● **LISTED ENTRIES**:
--- START ---

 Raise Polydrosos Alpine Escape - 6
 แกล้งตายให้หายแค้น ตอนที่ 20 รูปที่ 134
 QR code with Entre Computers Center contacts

--- END ---
--- START ---

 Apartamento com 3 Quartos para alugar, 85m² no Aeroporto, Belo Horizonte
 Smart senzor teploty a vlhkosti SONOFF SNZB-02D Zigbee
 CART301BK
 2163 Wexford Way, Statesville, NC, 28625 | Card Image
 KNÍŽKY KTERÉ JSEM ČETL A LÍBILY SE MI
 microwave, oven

--- END ---

● **PROBLEM DESCRIPTION**: As the answer, set down only the lines from the data above between the one holding "Raise Polydrosos Alpine Escape - 6" and the one holding "QR code with Entre Computers Center contacts", inclusive, exactly as they read.

● **EXERCISE SOLUTION**:
 Raise Polydrosos Alpine Escape - 6
 แกล้งตายให้หายแค้น ตอนที่ 20 รูปที่ 134
 QR code with Entre Computers Center contacts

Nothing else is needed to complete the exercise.